Repeat the records below exactly from the line containing "Additionally, you can" to the line containing "WooCommerce gives you", taking in both of those lines. Drop the pictures.

[[ Data records, beginning ]]

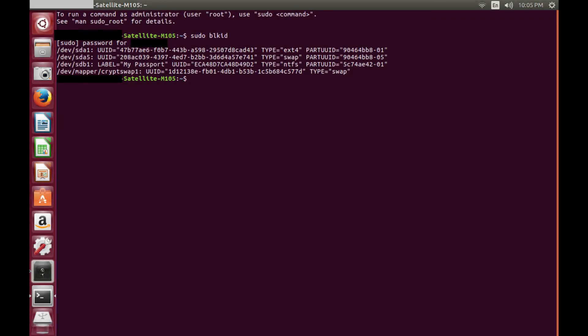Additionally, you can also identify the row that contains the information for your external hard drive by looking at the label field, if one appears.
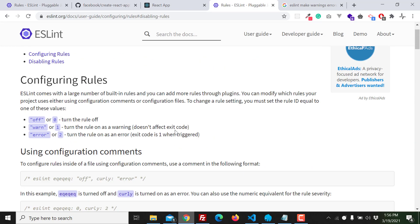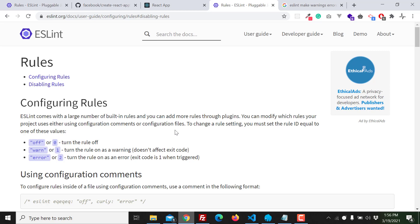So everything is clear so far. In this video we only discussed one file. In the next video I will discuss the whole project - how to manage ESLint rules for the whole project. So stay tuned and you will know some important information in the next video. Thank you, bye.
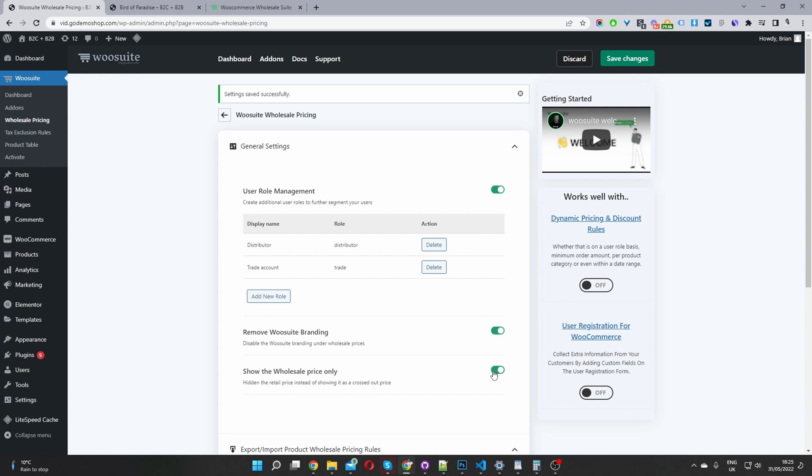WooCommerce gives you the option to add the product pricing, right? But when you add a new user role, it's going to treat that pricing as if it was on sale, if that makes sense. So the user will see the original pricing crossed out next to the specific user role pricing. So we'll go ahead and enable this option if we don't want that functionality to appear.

[[ Data records, end ]]
[[ Data records, beginning ]]

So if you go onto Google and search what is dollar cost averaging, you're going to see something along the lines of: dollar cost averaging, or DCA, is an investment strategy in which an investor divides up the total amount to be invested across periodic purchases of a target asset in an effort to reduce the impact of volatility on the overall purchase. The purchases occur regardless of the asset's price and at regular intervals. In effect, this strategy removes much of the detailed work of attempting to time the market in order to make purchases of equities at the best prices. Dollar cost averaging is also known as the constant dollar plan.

[[ Data records, end ]]
[[ Data records, beginning ]]

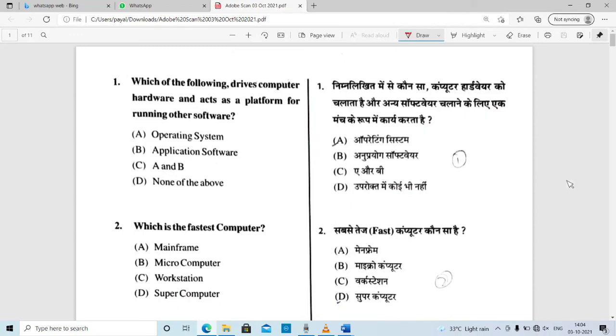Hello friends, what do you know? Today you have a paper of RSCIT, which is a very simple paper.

[[ Data records, end ]]

# Response to the exercise
Additionally, you can also identify the row that contains the information for your external hard drive by looking at the label field, if one appears.
So everything is clear so far. In this video we only discussed one file. In the next video I will discuss the whole project - how to manage ESLint rules for the whole project. So stay tuned and you will know some important information in the next video. Thank you, bye.
WooCommerce gives you the option to add the product pricing, right? But when you add a new user role, it's going to treat that pricing as if it was on sale, if that makes sense. So the user will see the original pricing crossed out next to the specific user role pricing. So we'll go ahead and enable this option if we don't want that functionality to appear.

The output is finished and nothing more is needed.